Parallèlement aux procédures judiciaires, TI-France poursuit son plaidoyer en faveur d’une modification de la loi française car actuellement, hors du cadre de l’entraide pénale internationale, notre droit ne permet pas la restitution des biens confisqués aux populations spoliées. Le produit de avoirs confisqués revient au Trésor public. Or La France a une « dette morale » vis-à-vis des populations dans les pays d’origine, premières victimes de ces détournements. TI-France plaide donc activement pour l’adoption d’une loi permettant de leur restituer ces avoirs.
Les efforts de TI-France ont mené à l’adoption par le Sénat en mai dernier, en première lecture et à la quasi-unanimité, d’une proposition de loi sur la restitution des avoirs de la grande corruption. Dans le même temps, le gouvernement prenait l’engagement d’instaurer en France un cadre légal permettant de restituer l’argent des « biens mal acquis » aux populations qui en ont été privées. Premier acte de cet engagement, le lancement en juin par le Premier ministre d’une mission parlementaire sur le système de saisie et de confiscation des avoirs d’origine criminelle, confiée aux députés Laurent Saint-Martin et Jean-Luc Warsmann.

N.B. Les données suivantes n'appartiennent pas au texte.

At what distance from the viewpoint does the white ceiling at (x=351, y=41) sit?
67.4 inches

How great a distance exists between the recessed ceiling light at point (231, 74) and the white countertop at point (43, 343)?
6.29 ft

Le rapport de cette mission parlementaire rendu public la semaine dernière constitue une avancée majeure. Il reprend les principes de transparence, de redevabilité, de solidarité, d’intégrité d’efficacité que TI-France défend depuis 10 ans. Ces cinq principes sont le gage d’une restitution responsable des avoirs détournés. Maintenant qu’ils sont posés, il s’agit de les transformer en un cadre juridique rigoureux et transparent pour que les « biens mal acquis » deviennent pas des « biens mal restitués ». Il est impératif que les avoirs soient traçables, depuis leur confiscation jusqu’à leur affectation finale, et que les programmes de restitution de ces biens soient pilotés par une gouvernance spécifique impliquant les représentants de la société civile, en France et dans le pays d’origine.
L’enjeu est que les avoirs détournés ne retombent pas dans les circuits de la corruption et qu’ils bénéficient effectivement aux populations dans les pays d’origine. L’urgence est réelle : la France est sur le point de restituer plus de 60 millions d’euros sans conditions particulières à la République d’Ouzbékistan, pays classé 158ème sur 180 par l’indice de perception de la corruption de Transparency International. Rien ne garantit que les avoirs confisqués, une fois restitués, soient affectés aux besoins de la population spoliée, ce malgré nos alertes.